Вечером они объявили Анне Степановне, что должны эвакуироваться вместе с госпиталем.
— Мне незачем ехать, — строго сказала мать. Ее полные руки, с не по возрасту натянутой ровной кожей, разглаживали скатерть — от середины к краям. — Я родилась здесь. Ехать искать смерть куда-то — дурость. Ишь, придумали!
— Мама, но разве ты не слышала радио? А Байцары, их рассказы?
— Я не верю им. Мелют, лишь бы оправдать свое бегство. Не паникуйте, Антон, — повернула она седую голову к Гурилеву. — Куда мы потащимся? Бросить все это?! — Она указала за спину. — В надежде на какую такую вашу прыткость? Вы всю жизнь, как тот мастер, что сеном воду запружает. А она себе течет… Сидеть надо дома в такое время… Только прикажите Сереженьке выбросить эту саблю…
Гурилев нервно приподнялся и придвинул стул ближе к столу, но жена, упреждая, сказала:
— Мама, мы должны ехать. — Она знала: начни он возражать, что-то доказывать, спору не будет конца. Мягкость и спокойные аргументы мужа обычно лишь подзадоривали мать.
— Анна Степановна, вы во всем абсолютно правы, — сказал вдруг Гурилев. — Можно остаться, рискнуть собой, всем этим. — Повторив ее жест, он обвел комнату. — Но можем ли мы рисковать Сережей? Если даже в том, что пишут и говорят о зверствах немцев, есть хоть один процент правды. Понимаете — даже один! Разве этого не достаточно, чтобы увезти Сережу? — Он знал: теща помешана на внуке.

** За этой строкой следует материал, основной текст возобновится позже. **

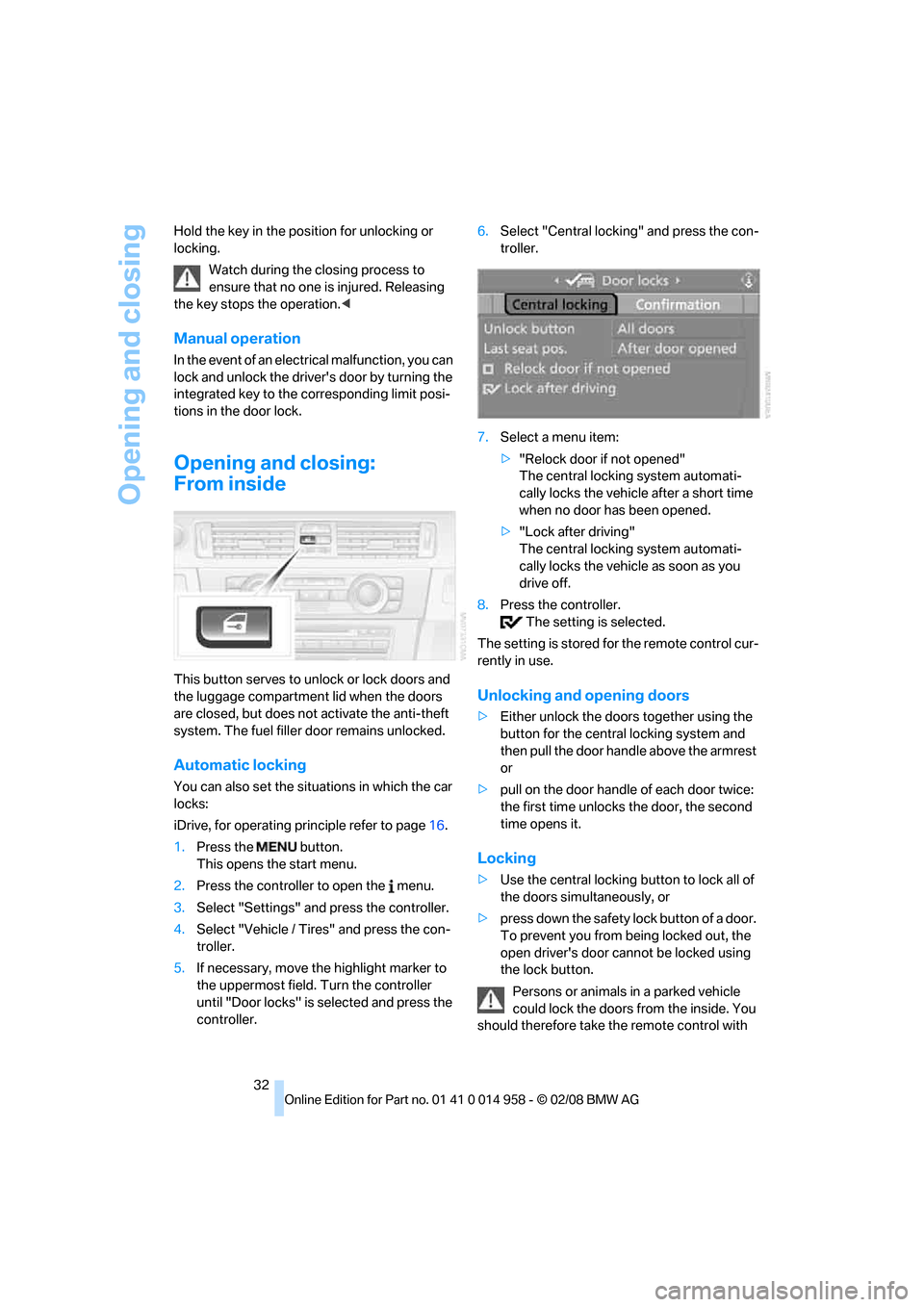 BMW M3 SEDAN 2008 E90 Owners Manual Opening and closing
32 Hold the key in the position for unlocking or 
locking.
Watch during the closing process to 
ensure that no one is injured. Releasing 
the key stops the operation.<
Manual opera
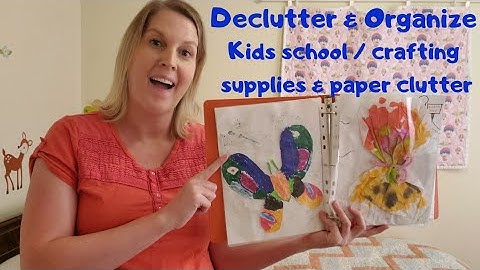 Declutter and Organize With Me/ Kids School, Crafting & Paper Clutter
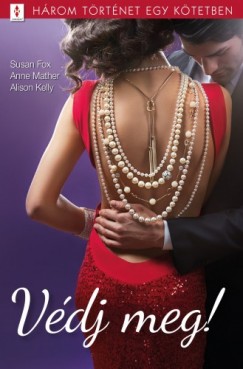 Anne Mather - Védj meg! - 3 történet 1 kötetben - Ha bízni tudnál..., Élő céltábla, Biztonsági okokból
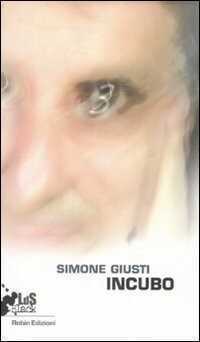 Incubo — Simone Giusti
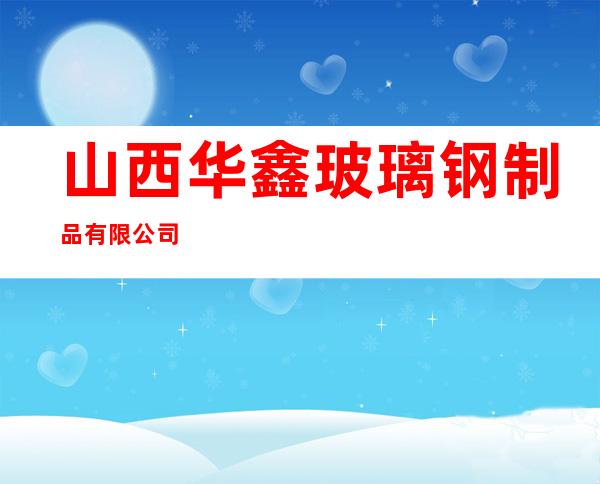 山西华鑫玻璃钢制品有限公司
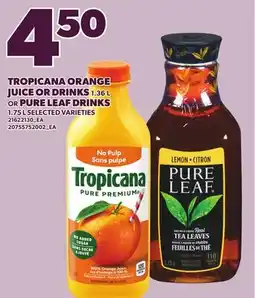 Loblaws TROPICANA ORANGE JUICE OR DRINKS, 1.36 L OR PURE LEAF DRINKS, 1.75 L offer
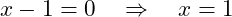  x - 1 = 0 \quad \Rightarrow \quad x = 1 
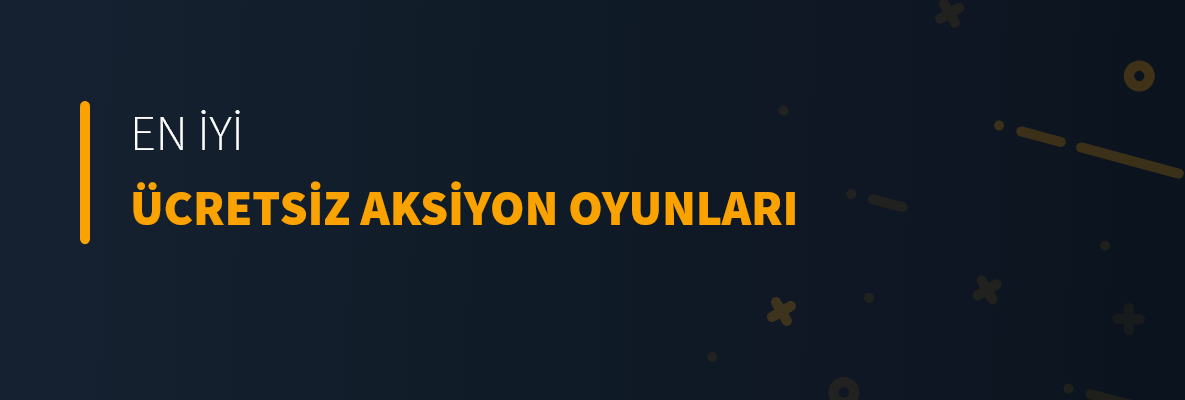 En İyi Ücretsiz Aksiyon Oyunları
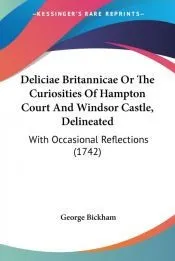 Deliciae Britannicae or the Curiosities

И она, хоть и не сразу, сдалась…
Сборы были печальные, немногословные, с частыми вздохами, особенно когда, опорожняя чемоданы от старья, натыкались на забывшиеся, отношенные и давно не нужные вещи. Они вдруг вызывали щемящие воспоминания об ушедших годах, о молодости. Вещи эти грустно откладывали в сторону, расставаясь навсегда, как с чем-то живым, а в опустевший чемодан напихивали самое необходимое: простыни, наволочки, пододеяльники, теплое белье, все, что было поновей, без заплаток и штопок. В старые покрывала укладывали подушки, а в них — посуду и стекло, перепеленатые полотенцами, стягивали концы покрывала и весь тюк перевязывали бельевой веревкой.
За два дня обе комнаты стали тоскливо чужими, без гардин казенно обнажились окна, а опустевший буфетик вдруг голо забелел покоробившейся внутренней фанерной стенкой и плохо полированными полками. Все вдруг выставило свою старость: и диван с потрескавшимся дерматином, и допотопный умывальник с мраморной доской, куда было вправлено тусклое круглое зеркало, и тарелка репродуктора с вмятой черной бумагой, из которого звучали невеселые сводки и еще бодрые довоенные песни…
По комнатам ходили, переступая через чемоданы и узлы, словно вытеснившие внезапно воздух и пространство, в котором свободно обитала прежняя жизнь.